Wild’s Moss keeps sack attack rollingBy Jeffrey Lutz
The Wichita Eagle
Taking stock of his two-sack game in the season opener against Allen, one thing stood out to Wild defensive end Matt Moss: his anger.
Displeasure doesn’t always reap such positive results for Moss, a Texas A&M product in his second season with Wichita. But a professional disappointment gave Moss raw emotion that he has harbored throughout the season and turned into defensive dominance.
Moss leads the IFL with 11 1/2 sacks, nearly double the total of the next-highest player heading into Saturday’s home game against Allen. He’s part of a scheme that emphasizes pressuring the quarterback, but it’s a philosophy that wouldn’t have legs without Moss.
"Sometimes that can get you into trouble," Moss said. "The first game I started off with two sacks, I came into the game and I remember I was just ready to play. I had gotten released from Edmonton (of the CFL) and I had a lot of built-up emotional anger to just release it onto somebody else."
Moss (6-foot-4, 255 pounds) had 2 1/2 sacks in two years at Texas A&M, where he played alongside current NFL standout linebacker Von Miller. Moss’ years in College Station gave him an education on pass rushing, and he refined his knowledge and skills by playing indoors.

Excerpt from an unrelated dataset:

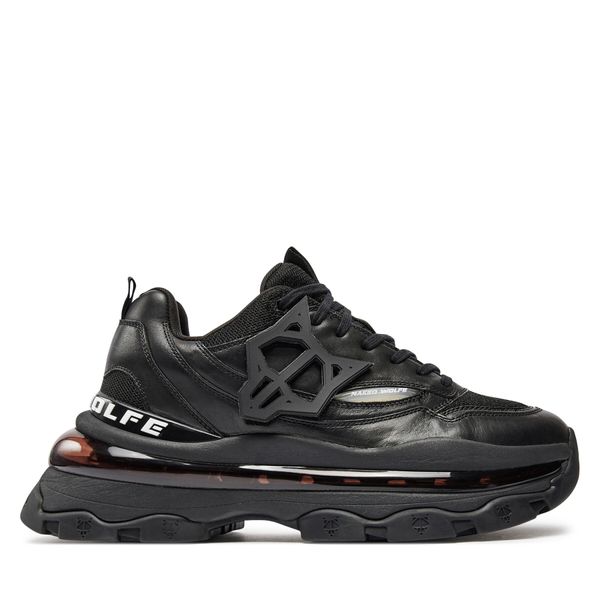 Naked Wolfe Сникърси Naked Wolfe Spring Черен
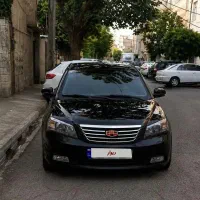 جیلی امگرند ۷ اتومات ۲۰۱۴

Learning from some of the best defensive ends in the arena game, Moss discovered techniques that allow him to get to the quarterback in a faster environment with less room to work. He also played against challenging offensive linemen in the CFL.
"In the indoor game, the more you play it, the better you can get at it," Moss said. "There’s certain ways to attack it and certain ways to do it. It’s a lot harder to get a sack here than in the outdoor game, just because of the pure fact that the ball is (released) so fast."

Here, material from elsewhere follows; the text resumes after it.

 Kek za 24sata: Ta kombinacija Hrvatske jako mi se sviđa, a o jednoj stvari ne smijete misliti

By design, Wichita’s strength is the defensive line. Moss and Kwame Jordan, out of Louisiana Tech, give the Wild a formidable pair on the ends, taking advantage of a freedom to constantly harass the quarterback.
With such aggressiveness, however, comes the occasional mistake. Wichita is second in the IFL with 20 1/2 sacks but is last in passing yards allowed per game, at 220. The Wild’s pressure forces quick decisions, and Wichita’s secondary hasn’t often capitalized on those hurries.

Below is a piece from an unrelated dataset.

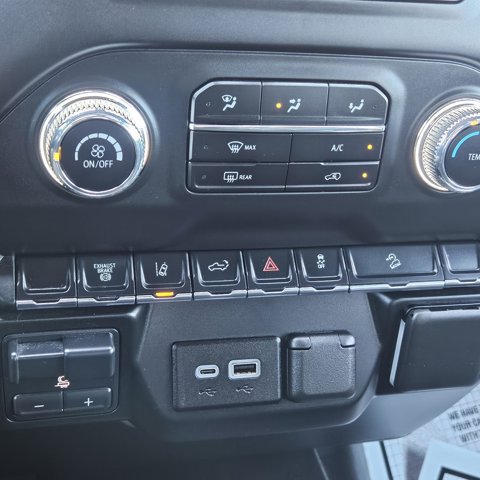 Used 2024 GMC Sierra 2500 Pro AWD/4WD image 17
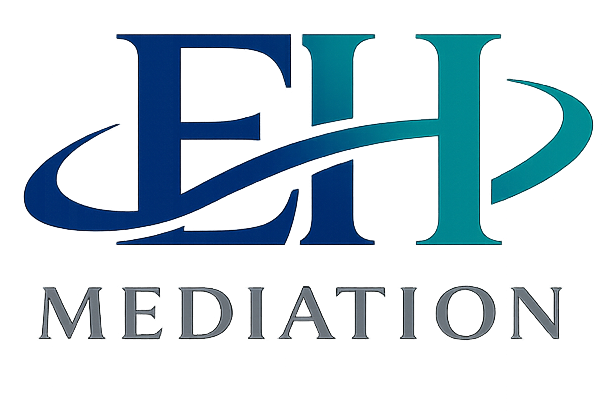 EH Mediation Services Logo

"Sometimes when you get after them he can get outside of the pocket and it can open up a little differently," Moss said. "Or he can squirm through a little hole. We’ve been trying to work on closing it down a little bit.
"... If you want to get after the quarterback and establish that as your type of defense, if you want to attack him, you have to realize that sometimes you’re maybe not going to get there and he’s going to find that one hole in the defense and capitalize on it."
A heavy reliance on the defense has also put pressure on that unit. Wichita is 15th in the 16-team IFL in scoring, so it is usually on the defense to keep games low-scoring enough to win.
Moss doesn’t mind that. In fact, it kind of makes him mad — the kind of mad that has allowed him to be the most productive defensive end in the league.
"I let a lot of emotions into the game," Moss said. "I’m trying to move up and hopeful to move up, whether it’s the NFL or CFL. I play with that emotional chip on my shoulder just to know that I can play there and get back up there.
"It can get me into some trouble sometimes, because sometimes I play with too much emotion and get caught up in it. But at the same time I love this game ... so much and have so much respect for it, that I do play with that emotional passion on the football field."